You see, there is more to managing content and improving processes than simply making it faster to move information along. In particular, it is vitally important that you first figure out whether the existing paths along which that information moves are the right ones, are traveled in the right order, and result in the delivery of the right information to the right people at the right time. Then maybe you can think about how best to apply the technology.

If this sounds like it might take a while to accomplish, and like it might be somewhat difficult to do given the existence of organizational politics and the need to do your regular job at the same time, well, then, you’re correct! And in fact, these are very common reasons this fundamental due diligence so often receives short shrift. Unfortunately, what frequently ends up happening is that really good systems are put in place, perform the way they are supposed to, and still get evaluated as not having worked very well – and the scenario is then repeated the next time there is budget to be had.

This makes perfect sense since it is very difficult to bring up a high score when you don’t know what the judging criteria are! A good portion of the course work I deliver and the consulting I perform thus is aimed precisely at this point –and this makes perfect sense too, for as I tell my clients, it is sometimes easier overall for the outside consultant to ask the hard questions rather than set an insider up to take all the arrows.

However you approach it, make sure that you do your diligence first and then pull the implementation trigger.

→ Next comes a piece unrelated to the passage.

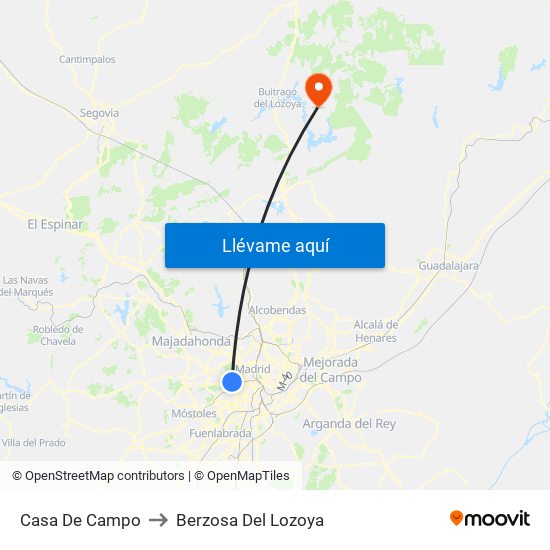 Casa De Campo to Berzosa Del Lozoya map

If enough of you do, then maybe I can finally stop issuing my periodic pleas.

Class tells! Topics like this — and more — are available through my new training program Best Practices in Information Management: A Certified Information Professional Exam Prep Course. Contact me by email or phone (617-383-4655) for more information!

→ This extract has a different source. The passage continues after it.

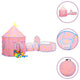 Vidaxl Children's Play Tent avec 250 balles 301x120x128 cm rose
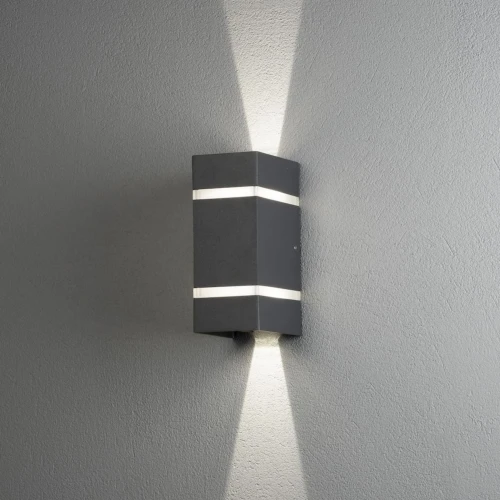 Outlet: Cremona LED Væglampe udendørs 6W IP54 i Antracit - Konstsmide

7 thoughts on “Do Us All A Favor: Think First, Then Implement!”

  1. Unfortunately you keep saying this, and you are still right. I would like to think it is getting better but analyzing the current environment and designing the new ECM environment continues to be a challenge for every size company and organization. We still see too many islands of indifference and limited communication and collaboration of the process that should be used for change and the ultimate destination you are trying to achieve. Excellent points once again Mr. Weissman.

  2. Thanks, Bob!

    I’d like to see it get better too — one of the main reasons I’m doing so much best-practice training and consulting these days. Believe it or not, I’d love to get to the point where organizations have figured this out and drive me to focus on something else!

  3. This is still a big issue around the world Steve and we do need to keep getting this message across. The first thing to do is get your information under control and managed and then see if a new system is required.

  4. It’s amazing that, as you said, this isn’t common knowledge & practice. I think the problem is that ICT is viewed as some sort of magical panacea, as opposed to a practical & readily understandable part of business. It would be interesting to see how streamlined and successful implementations would be if more companies employed CIP / ECM professionals to bridge the gap between ICT & business needs

  5. The main problem really is that companies don’t have a lot of knowledge nor experience in how to set up a proper Information Architecture. Plus most of the time once you decide for one structure, it is pretty much written in stone and can’t be easily changed. But there are tools out there that do the job, like intranetfactory.com.

  6. Unfamiliarity with IA is certainly a factor, but I’ll go you one further and opine that many companies don’t really even know what their business processes truly are! They THINK they know, but it often takes an outside eye to map out how work actually gets done.

    From that perspective, the IA issue is almost secondary — in sequence, anyway, though not necessarily in terms of importance.